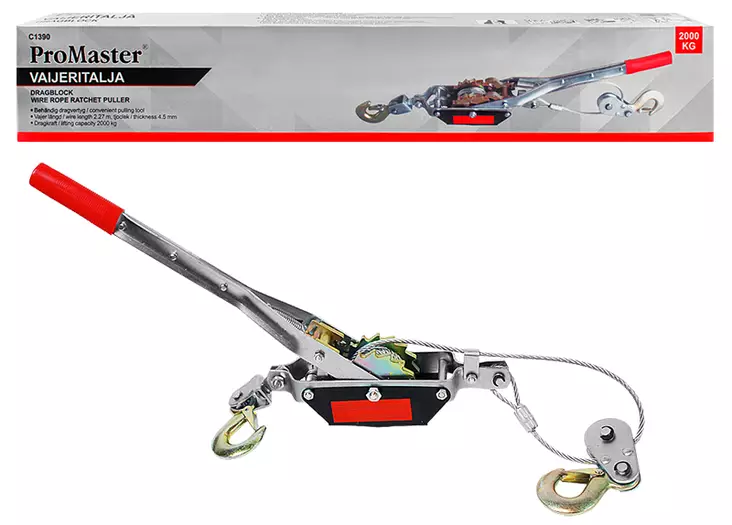 Vaijeritalja 2000kg - Peitteet ja pressut - LX2316 - 1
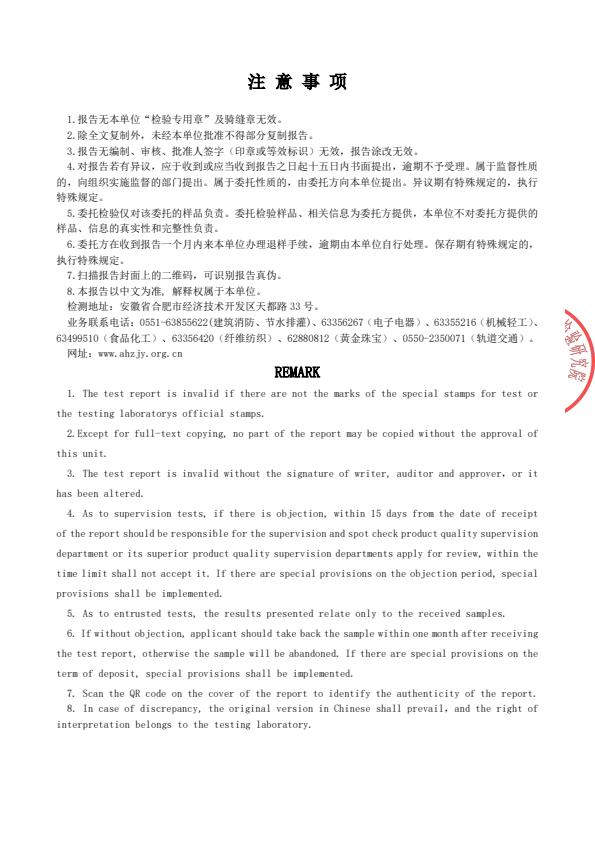 检测报告图片
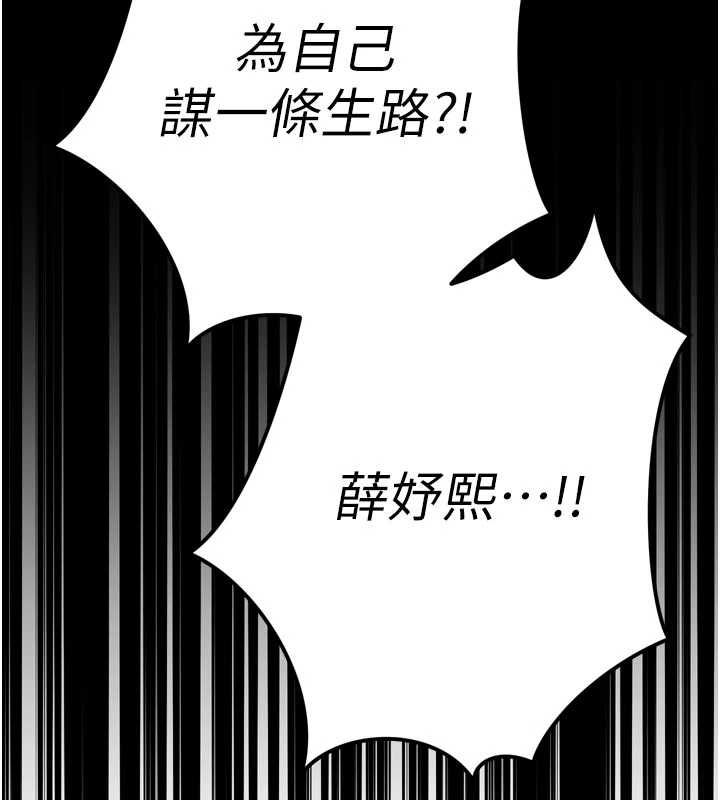 暴君會長的嬌媳們第39話-爸&hellip;拜託抱抱我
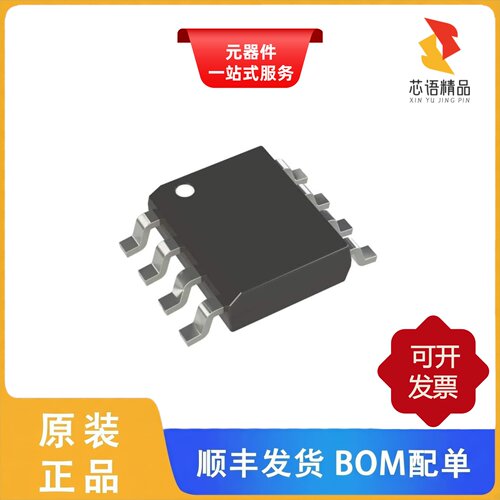 PIC16F17115-I/SN/PIC16F17124-I/P/PIC16F17115-I/P原装正品
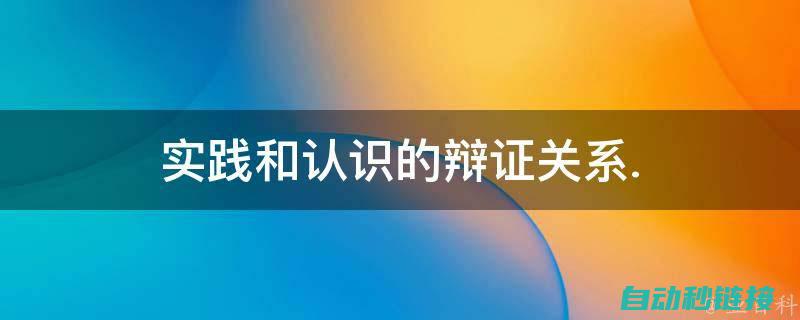 开发与实践指南 (开发与实践指的是什么)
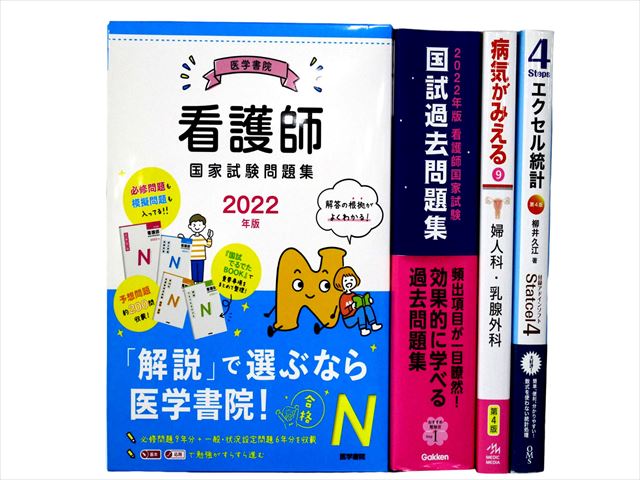 医学書・医学専門書、看護学の教科書・専門書等の買取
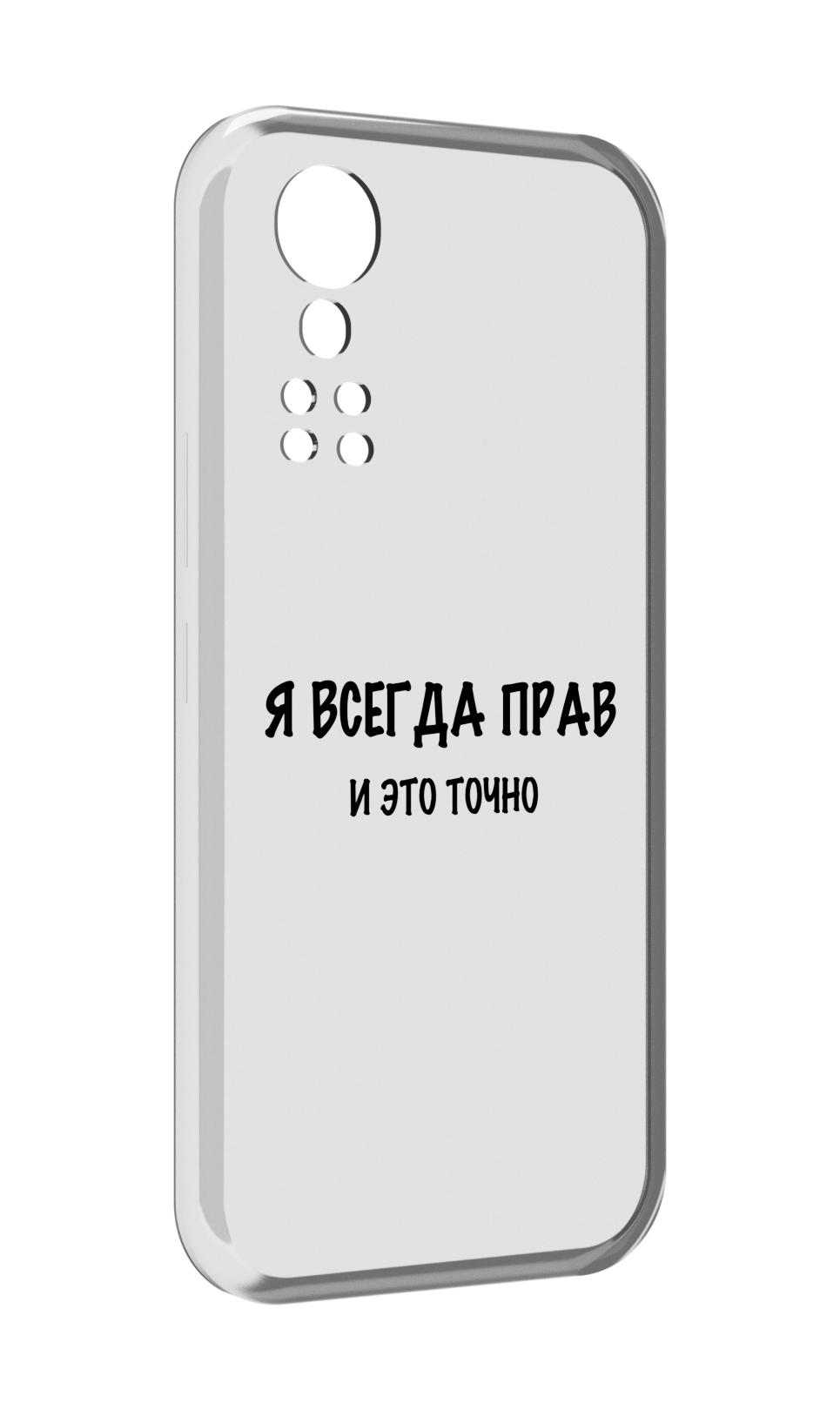 

Чехол MyPads Всегда-прав для ZTE Axon 30 5G / Axon 30S, Прозрачный, Tocco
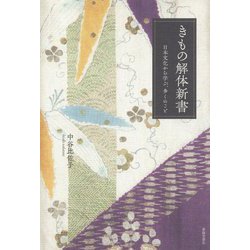 きもの解体新書―日本文化から学ぶ、多くのこと [単行本]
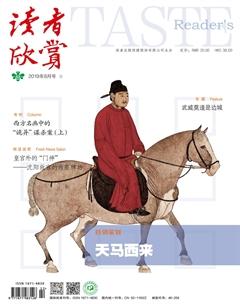 读者欣赏2019年8期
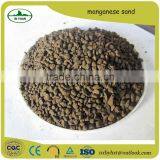 Ferro Silicon Manganese Prices of China Reliable and Professional thumbnail-1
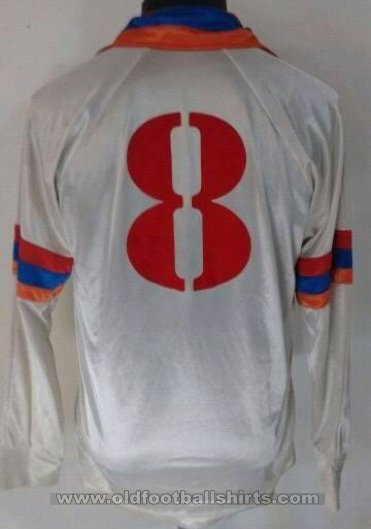 Deportivo Armenio Home football shirt 1991 - 1992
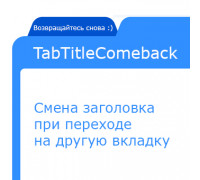TabTitleComeback – Смена заголовка при переходе на другую вкладку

##########

- EXERCISE -
Any images must be dropped; all other material is to be printed exactly.

- ANSWER BELOW -
 Vaijeritalja 2000kg - Peitteet ja pressut - LX2316 - 1
 检测报告图片
 暴君會長的嬌媳們第39話-爸&hellip;拜託抱抱我
 PIC16F17115-I/SN/PIC16F17124-I/P/PIC16F17115-I/P原装正品
 开发与实践指南 (开发与实践指的是什么)
 医学書・医学専門書、看護学の教科書・専門書等の買取

Чехол MyPads Всегда-прав для ZTE Axon 30 5G / Axon 30S, Прозрачный, Tocco
 きもの解体新書―日本文化から学ぶ、多くのこと [単行本]
 读者欣赏2019年8期
 Ferro Silicon Manganese Prices of China Reliable and Professional thumbnail-1
 Deportivo Armenio Home football shirt 1991 - 1992
TabTitleComeback – Смена заголовка при переходе на другую вкладку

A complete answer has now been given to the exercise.